The drone of the radio kept going and my mind kept wandering, lost in the timeless of the road, the lights, and the great dome of darkness and stars above me.

Suddenly, someone asked me where I have been and why I was there.

Dumbfounded, and a little startled, I looked around to see who it was. Which in a Mini Cooper, well, there's not much room to hide. But what I found was that I was standing on a darkened street with many people standing just in the shadows. They blended with the darkness except for the light glow of their faces, still indistinguishable, but there like little anonymous lanterns that had just lost their light.

Where am I...I asked toward the Shadow People?

You are in the land of the Jo'tess, came a unified reply.

One figure stepped forward, it was a man, I think?

Yes, you are here in the realm of the Prophet Jo'tess. We welcome you from the darkness.
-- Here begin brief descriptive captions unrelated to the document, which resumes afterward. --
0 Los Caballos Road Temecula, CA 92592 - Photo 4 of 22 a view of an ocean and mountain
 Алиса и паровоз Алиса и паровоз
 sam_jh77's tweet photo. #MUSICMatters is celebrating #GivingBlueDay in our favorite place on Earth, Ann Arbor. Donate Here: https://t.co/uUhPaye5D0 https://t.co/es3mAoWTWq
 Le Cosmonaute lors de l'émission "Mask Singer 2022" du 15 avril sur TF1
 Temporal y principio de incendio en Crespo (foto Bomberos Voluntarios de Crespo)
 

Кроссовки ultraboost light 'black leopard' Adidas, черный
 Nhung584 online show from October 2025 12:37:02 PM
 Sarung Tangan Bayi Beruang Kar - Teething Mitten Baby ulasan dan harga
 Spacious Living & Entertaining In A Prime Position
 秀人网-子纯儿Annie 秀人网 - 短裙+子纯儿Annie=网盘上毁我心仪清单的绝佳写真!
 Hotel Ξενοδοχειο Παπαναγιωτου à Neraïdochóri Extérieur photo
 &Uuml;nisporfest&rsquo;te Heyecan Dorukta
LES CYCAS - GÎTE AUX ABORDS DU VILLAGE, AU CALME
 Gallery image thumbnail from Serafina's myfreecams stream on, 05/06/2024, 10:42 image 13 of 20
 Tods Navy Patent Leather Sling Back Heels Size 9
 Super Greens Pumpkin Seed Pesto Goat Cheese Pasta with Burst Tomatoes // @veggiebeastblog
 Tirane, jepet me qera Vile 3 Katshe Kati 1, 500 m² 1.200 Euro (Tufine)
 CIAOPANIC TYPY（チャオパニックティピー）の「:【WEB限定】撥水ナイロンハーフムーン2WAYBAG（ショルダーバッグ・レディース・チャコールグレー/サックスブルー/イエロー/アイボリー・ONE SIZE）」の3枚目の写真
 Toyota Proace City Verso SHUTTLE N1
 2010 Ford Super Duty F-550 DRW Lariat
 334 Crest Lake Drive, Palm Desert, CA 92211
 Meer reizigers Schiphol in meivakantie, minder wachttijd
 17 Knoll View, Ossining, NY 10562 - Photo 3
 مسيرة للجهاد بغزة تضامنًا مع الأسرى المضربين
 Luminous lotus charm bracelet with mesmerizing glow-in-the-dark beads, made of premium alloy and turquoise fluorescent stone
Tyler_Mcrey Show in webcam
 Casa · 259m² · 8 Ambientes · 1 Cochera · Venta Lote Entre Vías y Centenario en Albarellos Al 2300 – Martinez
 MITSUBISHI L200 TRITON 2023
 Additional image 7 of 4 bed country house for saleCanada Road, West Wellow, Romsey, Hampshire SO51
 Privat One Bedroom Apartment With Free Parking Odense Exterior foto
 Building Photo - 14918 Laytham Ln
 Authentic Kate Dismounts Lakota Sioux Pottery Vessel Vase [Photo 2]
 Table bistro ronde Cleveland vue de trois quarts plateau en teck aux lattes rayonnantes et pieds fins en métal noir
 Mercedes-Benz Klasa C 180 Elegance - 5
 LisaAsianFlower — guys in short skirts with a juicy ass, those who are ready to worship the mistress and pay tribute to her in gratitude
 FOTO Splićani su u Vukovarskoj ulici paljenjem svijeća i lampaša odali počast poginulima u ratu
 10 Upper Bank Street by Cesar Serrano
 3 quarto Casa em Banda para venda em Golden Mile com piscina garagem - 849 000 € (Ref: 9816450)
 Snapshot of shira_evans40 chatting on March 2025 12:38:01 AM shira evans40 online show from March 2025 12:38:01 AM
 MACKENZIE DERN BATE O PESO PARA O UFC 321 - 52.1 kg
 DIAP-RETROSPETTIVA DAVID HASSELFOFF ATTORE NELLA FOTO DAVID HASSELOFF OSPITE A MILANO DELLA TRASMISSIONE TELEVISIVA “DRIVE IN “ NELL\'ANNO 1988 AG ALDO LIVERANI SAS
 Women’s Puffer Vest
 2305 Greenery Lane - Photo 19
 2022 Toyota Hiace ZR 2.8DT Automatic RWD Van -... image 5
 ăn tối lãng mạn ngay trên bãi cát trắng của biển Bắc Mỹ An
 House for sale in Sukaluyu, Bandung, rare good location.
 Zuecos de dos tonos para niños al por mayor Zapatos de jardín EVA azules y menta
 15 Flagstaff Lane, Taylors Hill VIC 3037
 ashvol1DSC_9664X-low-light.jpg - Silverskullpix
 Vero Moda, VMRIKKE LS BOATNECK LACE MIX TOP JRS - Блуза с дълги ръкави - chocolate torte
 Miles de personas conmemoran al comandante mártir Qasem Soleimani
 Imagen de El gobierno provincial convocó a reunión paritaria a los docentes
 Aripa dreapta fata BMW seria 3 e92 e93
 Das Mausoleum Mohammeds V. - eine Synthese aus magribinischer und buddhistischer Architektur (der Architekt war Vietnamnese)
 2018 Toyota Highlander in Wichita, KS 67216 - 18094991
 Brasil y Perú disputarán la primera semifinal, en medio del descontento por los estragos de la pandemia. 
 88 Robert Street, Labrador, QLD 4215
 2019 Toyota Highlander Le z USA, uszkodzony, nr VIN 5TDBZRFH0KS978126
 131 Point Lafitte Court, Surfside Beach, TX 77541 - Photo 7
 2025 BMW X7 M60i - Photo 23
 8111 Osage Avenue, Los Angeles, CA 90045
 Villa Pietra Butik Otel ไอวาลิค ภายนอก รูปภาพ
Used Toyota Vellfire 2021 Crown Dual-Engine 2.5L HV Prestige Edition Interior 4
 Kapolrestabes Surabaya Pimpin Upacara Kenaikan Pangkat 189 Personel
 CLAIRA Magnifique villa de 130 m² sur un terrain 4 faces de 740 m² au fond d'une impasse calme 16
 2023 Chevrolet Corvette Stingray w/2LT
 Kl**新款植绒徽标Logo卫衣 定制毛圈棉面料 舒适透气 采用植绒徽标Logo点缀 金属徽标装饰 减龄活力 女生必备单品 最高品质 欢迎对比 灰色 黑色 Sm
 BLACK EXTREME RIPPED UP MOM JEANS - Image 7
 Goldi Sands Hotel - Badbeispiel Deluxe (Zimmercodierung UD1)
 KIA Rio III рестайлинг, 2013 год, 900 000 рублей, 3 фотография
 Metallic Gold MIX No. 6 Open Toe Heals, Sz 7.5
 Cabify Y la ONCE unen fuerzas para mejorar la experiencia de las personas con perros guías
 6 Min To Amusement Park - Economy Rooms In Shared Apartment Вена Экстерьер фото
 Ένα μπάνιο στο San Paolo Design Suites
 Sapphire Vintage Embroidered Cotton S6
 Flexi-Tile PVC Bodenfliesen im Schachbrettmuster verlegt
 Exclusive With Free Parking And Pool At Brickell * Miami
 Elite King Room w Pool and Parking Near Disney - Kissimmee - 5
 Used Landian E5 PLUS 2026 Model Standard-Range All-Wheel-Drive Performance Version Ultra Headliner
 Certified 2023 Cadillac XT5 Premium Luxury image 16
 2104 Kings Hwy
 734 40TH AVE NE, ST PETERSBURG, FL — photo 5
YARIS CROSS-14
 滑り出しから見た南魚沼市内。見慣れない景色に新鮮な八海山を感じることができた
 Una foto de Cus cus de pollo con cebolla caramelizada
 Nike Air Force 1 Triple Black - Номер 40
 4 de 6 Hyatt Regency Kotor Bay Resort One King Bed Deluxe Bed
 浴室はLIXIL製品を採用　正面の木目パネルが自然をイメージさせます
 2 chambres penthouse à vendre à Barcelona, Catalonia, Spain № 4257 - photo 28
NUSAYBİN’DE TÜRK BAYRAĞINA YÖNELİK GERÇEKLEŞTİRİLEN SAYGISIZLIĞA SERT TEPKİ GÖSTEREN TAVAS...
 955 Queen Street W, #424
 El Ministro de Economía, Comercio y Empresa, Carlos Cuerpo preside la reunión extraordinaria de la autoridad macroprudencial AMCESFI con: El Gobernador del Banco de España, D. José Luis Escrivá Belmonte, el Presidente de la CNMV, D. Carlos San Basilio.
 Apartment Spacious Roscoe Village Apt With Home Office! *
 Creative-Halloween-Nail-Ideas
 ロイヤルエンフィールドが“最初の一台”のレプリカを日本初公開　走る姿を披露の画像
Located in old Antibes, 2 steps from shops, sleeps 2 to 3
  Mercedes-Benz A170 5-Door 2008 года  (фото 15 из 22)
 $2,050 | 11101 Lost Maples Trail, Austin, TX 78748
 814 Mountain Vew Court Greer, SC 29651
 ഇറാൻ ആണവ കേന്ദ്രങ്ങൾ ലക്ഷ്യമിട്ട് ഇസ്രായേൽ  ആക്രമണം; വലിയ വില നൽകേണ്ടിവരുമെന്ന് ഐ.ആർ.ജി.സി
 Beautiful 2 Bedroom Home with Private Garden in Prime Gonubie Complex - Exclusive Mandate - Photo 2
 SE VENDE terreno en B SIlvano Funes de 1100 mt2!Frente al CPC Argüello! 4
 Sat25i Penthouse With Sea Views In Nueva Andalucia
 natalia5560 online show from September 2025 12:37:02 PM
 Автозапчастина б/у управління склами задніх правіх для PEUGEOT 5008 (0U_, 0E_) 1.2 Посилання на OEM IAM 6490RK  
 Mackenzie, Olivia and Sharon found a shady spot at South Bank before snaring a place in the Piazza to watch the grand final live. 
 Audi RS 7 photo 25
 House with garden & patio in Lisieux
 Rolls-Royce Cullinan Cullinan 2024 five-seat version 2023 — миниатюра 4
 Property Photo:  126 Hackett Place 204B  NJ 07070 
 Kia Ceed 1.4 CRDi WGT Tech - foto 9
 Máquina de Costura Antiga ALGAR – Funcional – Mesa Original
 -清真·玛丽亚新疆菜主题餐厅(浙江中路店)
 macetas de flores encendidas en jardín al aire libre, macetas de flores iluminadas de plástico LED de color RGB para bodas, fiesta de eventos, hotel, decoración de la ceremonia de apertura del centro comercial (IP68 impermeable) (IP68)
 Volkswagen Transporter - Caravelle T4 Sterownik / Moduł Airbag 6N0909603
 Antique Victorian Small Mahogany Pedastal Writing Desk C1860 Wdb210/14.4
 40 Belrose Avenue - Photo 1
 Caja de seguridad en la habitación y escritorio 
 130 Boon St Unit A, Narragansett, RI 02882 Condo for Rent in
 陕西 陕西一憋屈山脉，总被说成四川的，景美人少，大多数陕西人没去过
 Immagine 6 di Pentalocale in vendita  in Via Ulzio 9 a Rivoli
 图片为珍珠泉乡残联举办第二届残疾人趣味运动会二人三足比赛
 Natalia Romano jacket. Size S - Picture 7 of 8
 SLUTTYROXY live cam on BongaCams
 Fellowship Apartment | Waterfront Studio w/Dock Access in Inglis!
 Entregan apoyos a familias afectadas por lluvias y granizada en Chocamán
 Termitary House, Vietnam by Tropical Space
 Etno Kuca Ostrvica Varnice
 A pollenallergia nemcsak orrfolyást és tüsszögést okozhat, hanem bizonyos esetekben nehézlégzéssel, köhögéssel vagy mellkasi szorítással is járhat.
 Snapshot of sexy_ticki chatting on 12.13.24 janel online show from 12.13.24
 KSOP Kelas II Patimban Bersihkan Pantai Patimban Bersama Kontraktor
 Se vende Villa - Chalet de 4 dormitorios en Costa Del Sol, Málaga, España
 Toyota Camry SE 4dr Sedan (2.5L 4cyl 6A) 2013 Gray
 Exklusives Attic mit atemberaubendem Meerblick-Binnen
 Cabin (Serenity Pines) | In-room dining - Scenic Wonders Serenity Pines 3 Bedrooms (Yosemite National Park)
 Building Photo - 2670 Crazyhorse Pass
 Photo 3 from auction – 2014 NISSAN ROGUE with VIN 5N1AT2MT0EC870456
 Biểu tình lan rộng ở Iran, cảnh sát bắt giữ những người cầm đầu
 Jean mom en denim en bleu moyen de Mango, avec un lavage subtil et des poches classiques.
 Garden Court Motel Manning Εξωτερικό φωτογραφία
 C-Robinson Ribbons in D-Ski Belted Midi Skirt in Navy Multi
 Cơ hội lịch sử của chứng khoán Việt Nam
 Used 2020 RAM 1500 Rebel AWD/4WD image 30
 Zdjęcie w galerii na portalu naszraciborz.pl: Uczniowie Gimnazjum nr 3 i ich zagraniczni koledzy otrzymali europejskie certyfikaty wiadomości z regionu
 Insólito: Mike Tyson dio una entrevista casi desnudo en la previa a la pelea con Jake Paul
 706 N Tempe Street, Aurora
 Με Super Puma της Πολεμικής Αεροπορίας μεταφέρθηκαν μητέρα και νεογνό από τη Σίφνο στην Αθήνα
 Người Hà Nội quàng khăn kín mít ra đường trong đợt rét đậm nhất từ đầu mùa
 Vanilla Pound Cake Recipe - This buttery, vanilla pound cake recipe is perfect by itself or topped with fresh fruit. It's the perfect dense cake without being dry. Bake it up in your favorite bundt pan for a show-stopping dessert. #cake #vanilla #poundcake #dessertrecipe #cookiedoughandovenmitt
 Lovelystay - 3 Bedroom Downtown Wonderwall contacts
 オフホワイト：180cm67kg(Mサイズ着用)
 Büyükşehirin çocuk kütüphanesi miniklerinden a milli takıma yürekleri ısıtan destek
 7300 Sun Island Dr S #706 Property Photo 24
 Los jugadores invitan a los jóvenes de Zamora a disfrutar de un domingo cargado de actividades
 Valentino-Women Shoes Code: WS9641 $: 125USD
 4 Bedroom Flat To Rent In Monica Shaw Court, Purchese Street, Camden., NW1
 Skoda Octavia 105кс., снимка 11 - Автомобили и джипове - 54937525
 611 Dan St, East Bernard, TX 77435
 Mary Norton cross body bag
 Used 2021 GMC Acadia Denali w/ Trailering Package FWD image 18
Then he led me away toward a small house not far away. I mean, you'd go too, right. Anyway, the Shadow People around me kept at an acceptable distance, so the weirdness of it all didn't seem to bother me much, Well, until I remember it all, which is right now, so I am feeling weird about it now, and if I wasn't in the Food Court, I probably run screaming into the bay and try to swim away from the madness.

Back to the story, er, I mean my experiences in the Realm of Jo'tess, the Prophet. Which I'll just call the Prophet from now on unless I do otherwise.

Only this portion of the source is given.